4 vs 1.6% and 19.4 vs 8.8%, respectively). The cancer disease promoted the development of dysthymia (n = 4 new cases/6 two-year prevalent cases) and PTSD (7/7) and the re-emergence of MDD (n NSC 66389 = 21 relapses/28 three-year prevalent cases) and GAD (10115). No improvement in serious mood disorders such as MDD (16.0 vs 7.2%) and dysthymia (4.2 vs 0%) was reported at the time of interview, more than 1.75 years (median time) after the cancer surgery, the prevalence being 2-4 times greater in breast cancer survivors than in controls.
Conclusion: Despite significant advances in treatment, a diagnosis of breast cancer is highly associated with various forms of psychopathology, regardless
of psychiatric history, with symptoms persisting after treatment.
These results may assist clinicians in planning mental healthcare for women with breast cancer. Copyright (C) 2009 John Wiley & Sons, Ltd.”

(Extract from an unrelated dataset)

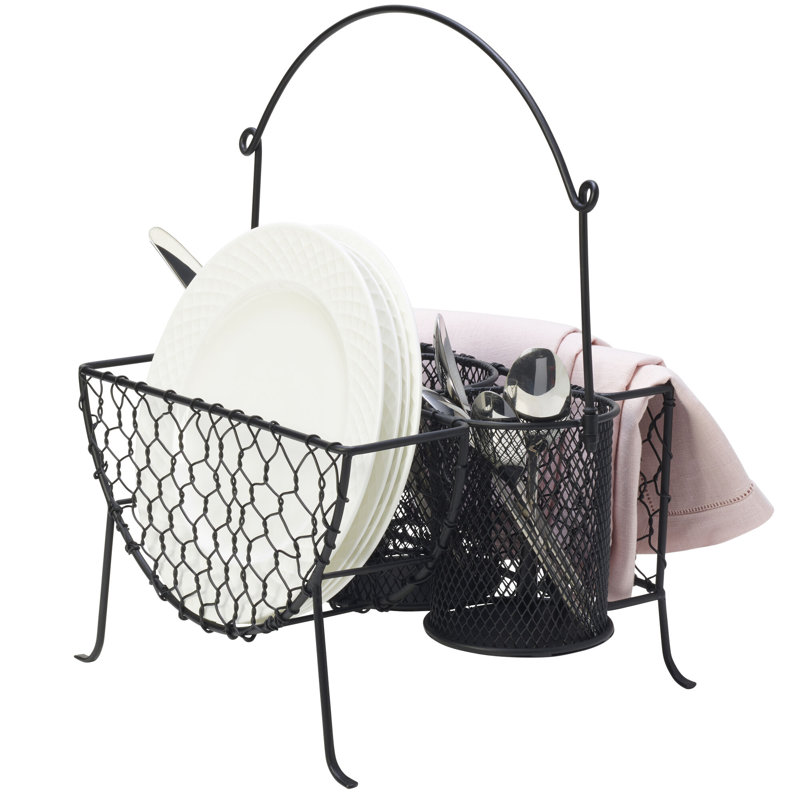 Black Stainless Steel Multi-Compartment Condiment Caddy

“Rheumatoid arthritis (RA) is a systemic, inflammatory, autoimmune disorder with progressive articular damage that may result in lifelong disability. Although major strides in understanding the disease have been made, the pathogenesis of RA has not yet been fully elucidated. Early treatment can prevent severe disability and lead to remarkable patient benefits, although a lack of therapeutic efficiency in a considerable number of patients remains problematic.
MicroRNAs (miRNAs) are small, non-coding RNAs that, depending CAL-101 molecular weight upon base pairing to messenger RNA (mRNA), mediate mRNA cleavage, translational repression or m RNA destabilization. As fine tuning regulators of gene expression, miRNAs are involved in crucial cellular processes and their dysregulation has been described in many cell types in different diseases. In body fluids, miRNAs are present in microvesicles or
incorporated into complexes with Argonaute 2 (Ago2) or high-density lipoproteins and show high stability. Therefore, they are of interest as potential biomarkers of disease in daily diagnostic applications. Targeting miRNAs by gain or loss of function approaches have brought therapeutic effects in various animal models.
Over the past several years it has become clear that alterations exist in the expression of miRNAs in patients with RA. Increasing numbers of studies VX-680 concentration have shown that dysregulation of miRNAs in peripheral blood mononuclear cells or isolated T lymphocytes, in synovial tissue and synovial fibroblasts that are considered key effector cells in joint destruction, contributes to inflammation, degradation of extracellular matrix and invasive behaviour of resident cells. Thereby, miRNAs maintain the pathophysiological process typical of RA.
The aim of the current review is to discuss the available evidence linking the expression of miRNAs to inflammatory and immune response in RA and their potential as biomarkers and the novel targets for treatment in patients with RA.